[Given information]
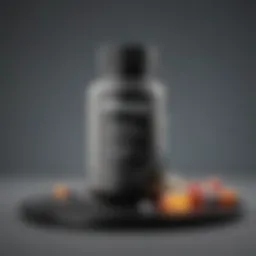 Visual representation of a home test kit for macular degeneration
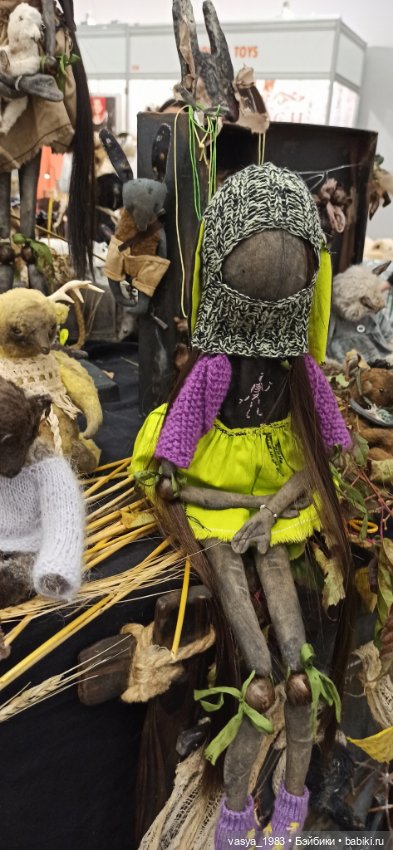 Осенний Бал на Тишинке — Авторские игрушки ручной работы: Тедди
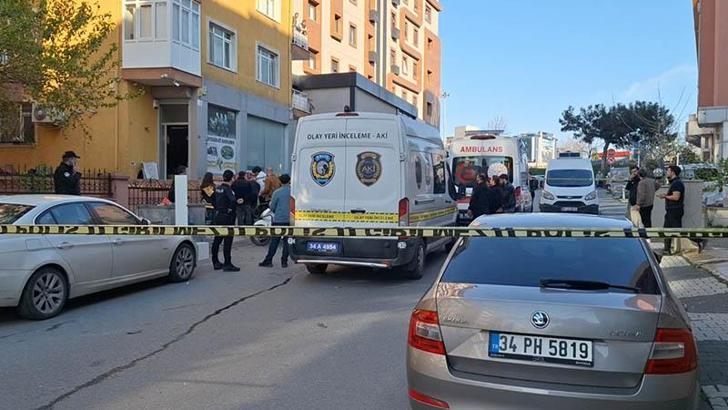 Maltepe'de alacak kavgası: Bıçakladığı kişi tarafından silahla vurularak öldürüldü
[/Given information]
[Work order] Transcribe the data verbatim. No picture belongs in the result.

[Answer box]
 Visual representation of a home test kit for macular degeneration
 Осенний Бал на Тишинке — Авторские игрушки ручной работы: Тедди
 Maltepe'de alacak kavgası: Bıçakladığı kişi tarafından silahla vurularak öldürüldü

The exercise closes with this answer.